Il certificato elettorale (se proprio lo vogliamo tenere, può benissimo essere rimpiazzato dalla sola carta di identità elettronica), si può digitalizzare con un QR code e l’elettore deve poter votare in qualsiasi seggio legale sul territorio. Anche dal mare.
Al seggio l’elettore presenta il QR code insieme alla CI per l’identificazione e la registrazione dell’elettore al seggio è automatica. Dopodiché si procede a votare come sempre. Si possono anche eliminare carta e timbri ottocenteschi. Va gestito con attenzione il numero di schede per seggio, ma è un problema minore considerando che comunque resta una quota di astenuti naturale.
Questa soluzione funziona per le elezioni nazionali, presenta in realtà grossi problemi per le elezioni locali.
1- Lo studente di Bari potrà votare a Milano solo se anche a Milano sono in corso elezioni.
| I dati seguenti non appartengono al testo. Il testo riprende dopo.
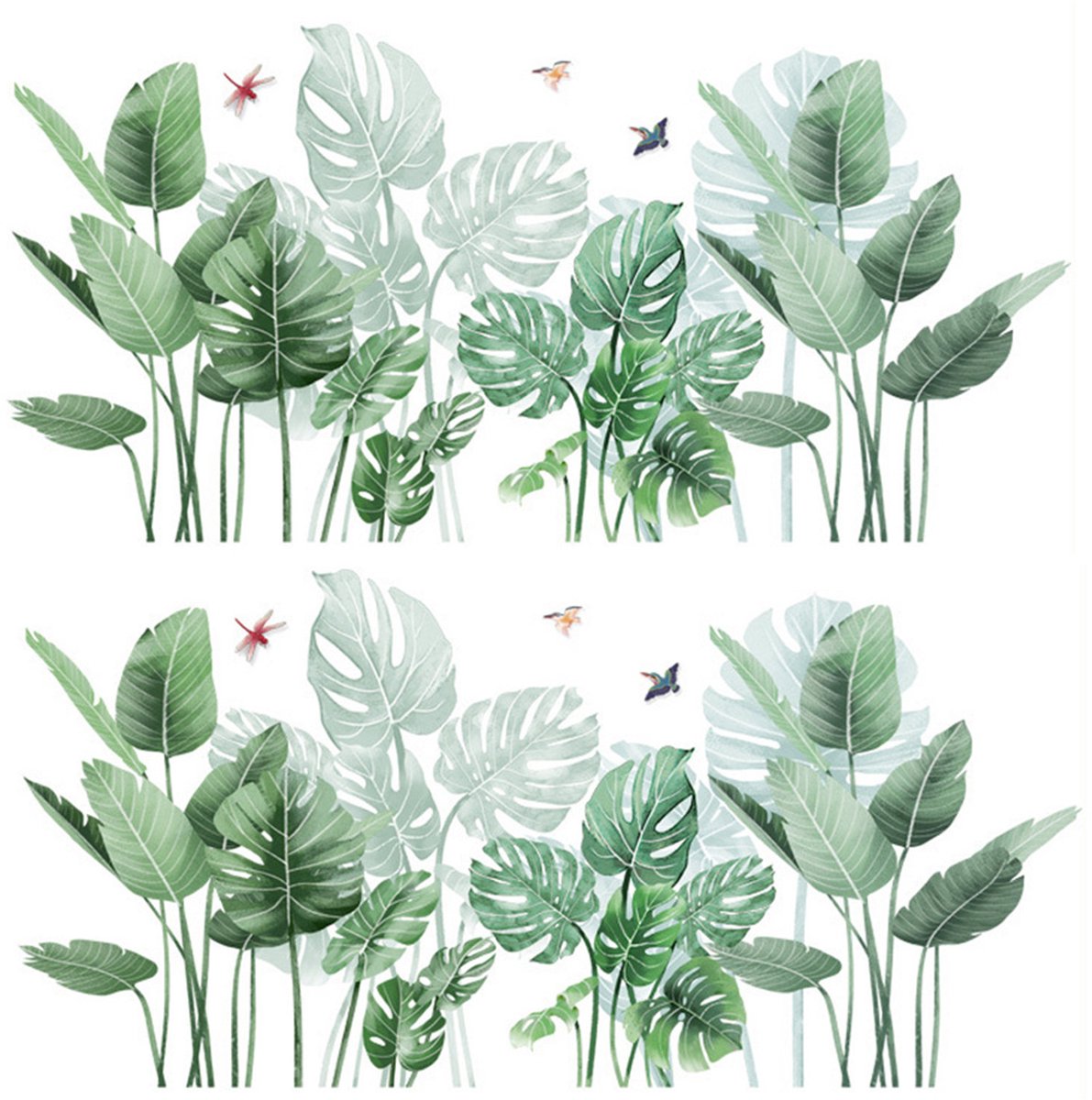 Muurstickers Tropische Plant - Jungle Wanddecoratie - Afneembare Groene Bladeren Sticker - Natuurlijke Zen Sfeer - Voor Woonkamer & Kantoor - 1 Set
2 – Con quale scheda elettorale vota a Milano, visto che sarà certamente diversa da quella di Bari? E come viene conteggiato?
Piero Borla
Secondo l’art. 48 della costituzione il voto è “personale ed eguale, libero e segreto”. E’ molto difficile garantire tutte queste modalità insieme. Il precedente delle circoscrizioni estero non è tale da invogliare ad estenderne l’uso. Comunque si può lavorare in due direzioni : 1) implementare un sistema informatico che metta a disposizione, in ciascuna postazione di voto abilitata a tal fine, il fac-simile della scheda di tutte le circoscrizioni elettorali d’Italia e consenta di votare sul fac-simile (già questo porta ad escludere le elezioni comunali al di sotto di una soglia da stabilire); 2) moltiplicare le postazioni di voto elettronico, tali da garantire la segretezza del voto. Se ne può istituire una, o più, in ciascun comune di una certa dimensione (raggruppando i comuni-polvere); all’estero, oltre che alla rete consolare, ci si può appoggiare a figure di pubblico ufficiale, quali i notai o simili. Il tutto richiede tempo, quindi il voto a distanza deve svolgersi con qualche anticipo rispetto ai tempi normali; fortunatamente, sotto questo profilo non emergono impedimenti di rilievo. Con l’occasione segnalo la crescente necessità di assicurare la rappresentanza in sede politica degli interessi dei minori, anche se non abbiano raggiunto la maturità che occorre per esprimerli di persona; propongo che si riconosca loro un diritto di voto, da esercitarsi dai rispettivi genitori con criteri da determinare (sono naturalmente favorevole all’estensione ai sedicenni)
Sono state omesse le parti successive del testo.